Monday, July 11th, 2011
Back by popular demand, it’s me, making a fool of myself once again. This time, I put the lyrics of Lil Wayne under the microscope. Enjoy! Oh and there’s a fair amount of swearing – turn the volume down if you’re watching it in the library.
Wednesday, October 14th, 2009
With Halloween fast approaching, I thought I’d give you all a few costume ideas that are bound to make you the talk of the party. I’m a giver like that.
Jon & Kate Plus 8
It’s ambitious but could be pulled off with some commitment.
What you’ll need: The ‘Kate’ will need to either grow out her fringe/bangs very long, or for quicker results get a fringe/bang weave. The ‘Jon’ just needs to wear a sweater vest and look like a wanker. The real challenge here is the hiring of the eight half-asian little people you’ll have to get to follow you around everywhere.
Cost: Clothing cost should be minimal – just aim for Walmart chic. I’m yet to look into the cost of hiring eight little people, but with the Jon and Kate divorce, the half-asian little people market is probably booming right now, so it could get costly.
The self-proclaimed ‘best rapper alive’ has had one hell of a year. It mystifies me why, but he has nonetheless. Go to a Halloween party dressed like him, people will give you awards just for showing up, much like people have given him awards seemingly just for being alive this year.

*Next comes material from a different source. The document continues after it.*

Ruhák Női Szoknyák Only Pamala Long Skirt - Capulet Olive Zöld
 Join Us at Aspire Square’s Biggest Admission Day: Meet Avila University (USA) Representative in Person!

What you’ll need: This look works best if you’re 5’2″ or under. You should also be skinny, nay, scrawny even. Next step is to get your child/niece/nephew/young cousin to draw random shit all over your face and body. Throw on as much gaudy jewelry as possible. Clothing wise, a hoodie that looks like you just threw up on yourself is good, but Lil Wayne often goes shirtless (which completely befuddles women, but whatever) so you can forego the hoodie if need be. Perhaps a wife beater, some skinny jeans that sag under your butt cheeks and wear colourful boxers.
Cost: Minimal. Borrow your little sister’s skinny jeans, a few magic markers for the tattoos, some boxers. A few loaned bits of your grandma’s jewelry, don a dreadlock wig and you’re good to go.
Kanye West & Taylor Swift
Kanye’s moment stealing moment was his high point of the year. It’s all anyone could talk about for at least 48 hours – time to capitalise off that bad boy.
What you’ll need: If you’re playing Kanye, find a barber who is known to smoke illegal substances at least twice daily and let him loose upon your hair. The end result should resemble a fucked up crop circle on your scalp. Clothing wise, a simple black shirt, some jeans and some trainers that look as though they were made by and for two year olds. You’re all set. For Taylor, any skinny, blonde white girl will do.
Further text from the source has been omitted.